While GOP lawmakers ready an appeal, voting rights advocates move to ensure formerly incarcerated people know about the ruling.

Julia Conley

Voting rights advocates in North Carolina on Tuesday applauded a ruling by a panel of three state Superior Court judges for taking "the first step" in restoring justice to tens of thousands of formerly incarcerated people convicted of felonies in the state. 

"If the North Carolina courts are expanding voting rights by removing felony disenfranchisement, I can't imagine they will allow a Republican gerrymander."
—Michael McDonald, University of Florida

A panel of the Superior Court voted 2-1 to restore voting rights to about 55,000 people who have been incarcerated for felonies in a decision that would terminate a state law which bars people from voting if they are still on probation, parole, or serving a suspended sentence. 

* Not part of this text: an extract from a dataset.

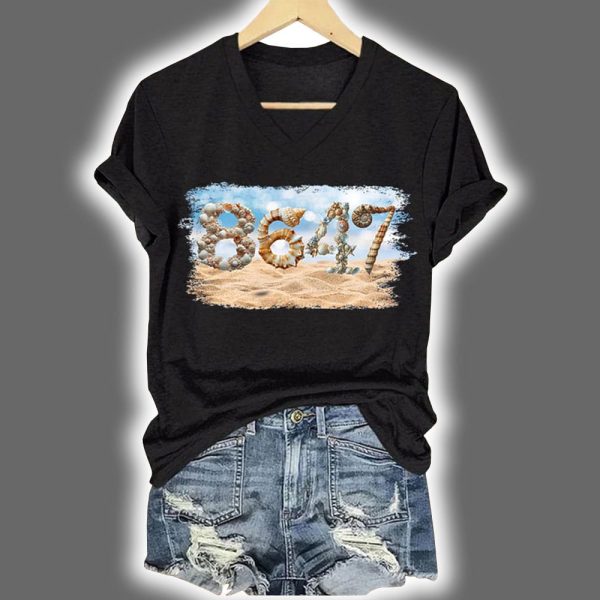 V Neck Retro 8647 Beach Seashells Print Shirt 2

Republican lawmakers in the state vowed to appeal the decision promptly, but advocates who have been working to fight disenfranchisement in the state celebrated the victory, saying it would be the largest expansion of voting rights in North Carolina since the 1965 Voting Rights Act was passed. 
 
"Yesterday was the first step in restoring the voice of those silenced," tweeted Forward Justice, a civil rights group based in Durham which joined several other organizations in filing a lawsuit challenging the law.
 
Voting rights advocates have said the law unfairly disenfranchises people who remain under supervision of the criminal justice system when they can't pay court fees and people who are given "community supervision" sentences instead of being sent to prison—in which case they continue paying taxes while being disenfranchised.
 
"Our biggest quarrels in this state have been over what groups of people have a voice at the ballot box to be included in 'We the People,'" Daryl Atkinson, co-director of Forward Justice, said at a press conference Monday. "Today, we enlarged the 'we' in 'We the people.'"
 
The ACLU called the ruling, which would make North Carolina the only state in the South to automatically restore voting rights to people after they're released from prison, "incredible news."
 
Michael McDonald, a professor at the University of Florida who studies American elections, said the Superior Court panel's ruling bodes well for civil rights in the state even as Republicans are expected to attempt a partisan redistricting process.
 
"If the North Carolina courts are expanding voting rights by removing felony disenfranchisement, I can't imagine they will allow a Republican gerrymander," McDonald said on social media.
 
The same panel ruled last year that the state law's requirement that formerly incarcerated people pay all court fees and fines before regaining their right to vote was "unenforceable," according to the Washington Post. 
 
GOP lawmakers said Tuesday that they plan to file an appeal before a state deadline for finalizing materials for the 2021 election and that they may attempt to appeal using their own attorney after the Democratic state attorney general, Josh Stein, said he was unable to file an immediate appeal because the ruling has not officially been written yet.
 
Advocates who sued over the state law said they would immediately begin outreach efforts to people who are formerly incarcerated to make sure they're aware of the ruling, and the state Board of Elections said it would immediately begin updating voter registration materials and information on its website to reflect the panel's ruling. 
 
"Starting tomorrow, we plan to start a voter registration drive across the state," Dennis Gaddy, founder of Community Success Initiative, another plaintiff in last year's lawsuit, told the News & Observer.